Consiglio bonus: Lasciate lo smartphone in hotel
Sì, questo è davvero il consiglio più originale, e quello che probabilmente non seguirete mai, dipendenti come siete dagli algoritmi che vi tengono incollati alle app senza accorgervi della vostra tossicodipendenza digitale.
Non dite che non ci siete passati: fate una foto, la pubblicate sui social per dire al mondo che siete a Barcellona senza dire che siete a Barcellona, passate il successivo tempo della giornata a leggere cosa scrivono i vostri contatti e a rispondere. In tal dimezzate di fatto la vostra visita in città perché il resto del tempo lo passate indirettamente o direttamente sui social.

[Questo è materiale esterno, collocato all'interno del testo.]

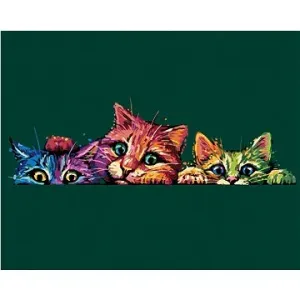 Maľovanie podľa čísel - Farebné mačky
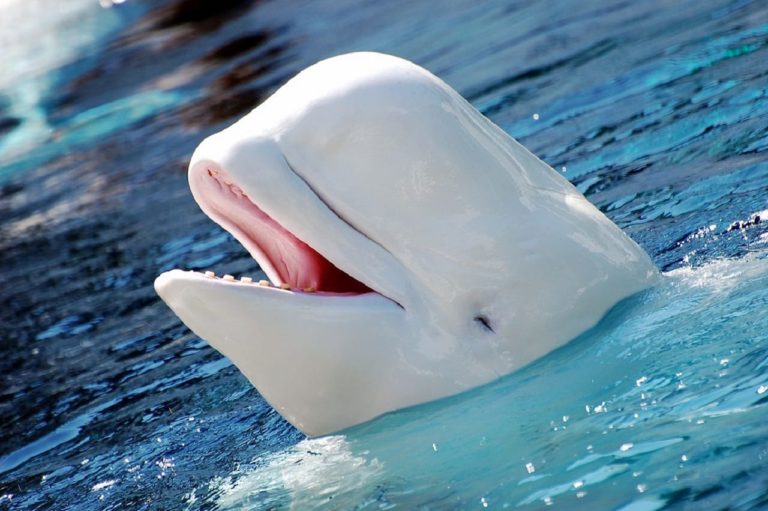 Il beluga: tutte le peculiarità dell’affascinante balena bianca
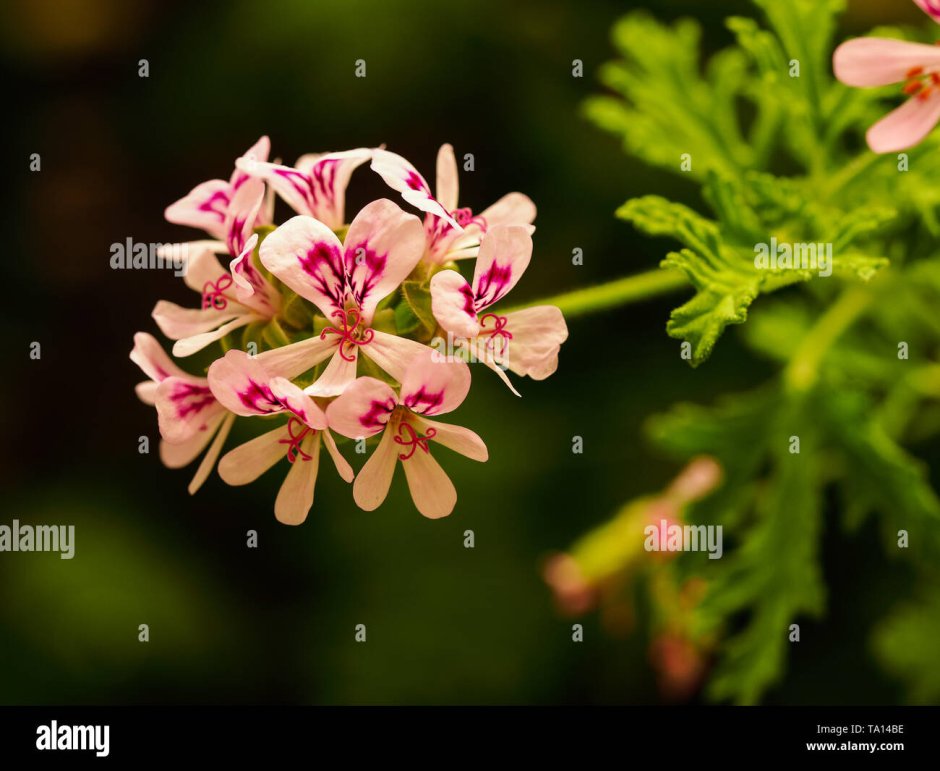 Пеларгония Pelargonium Roseum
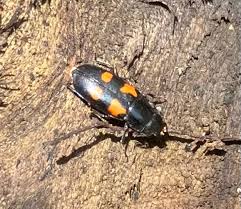 Attēlu rezultāti vaicājumam “Glischrochilus quadripunctatus imago”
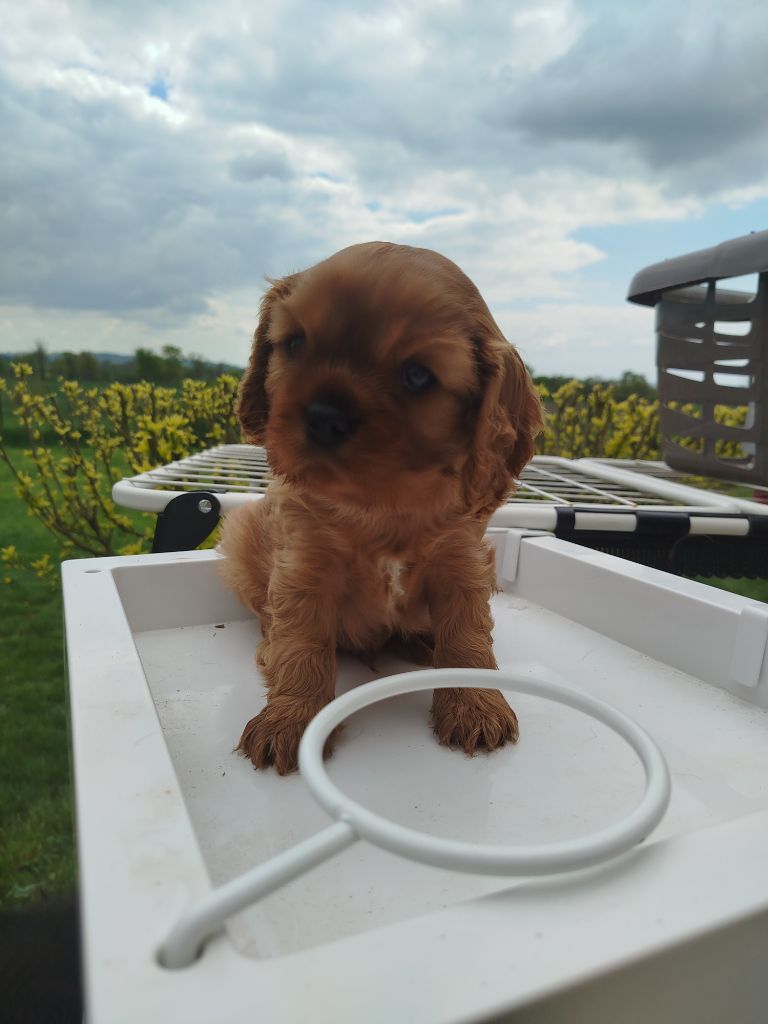 Du Domaine Des Devets - Chiots disponibles - Cavalier King Charles Spaniel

Se volete godervi Barcellona davvero, vivetela e basta. Lasciate perdere i “mi piace” sotto le vostre foto e tutto lo stress che vi genera aspettarli compulsivamente, drogati dall’algoritmo con cui si genera il vostro feed.
Barcellona offre una marea di esperienze uniche — dalle passeggiate lungo la Rambla, alle spiagge, ai mercati storici come il Mercato de la Boqueria. Prendetevi il tempo di assaporare ogni momento e almeno tre giorni all’anno mettete in pausa i social.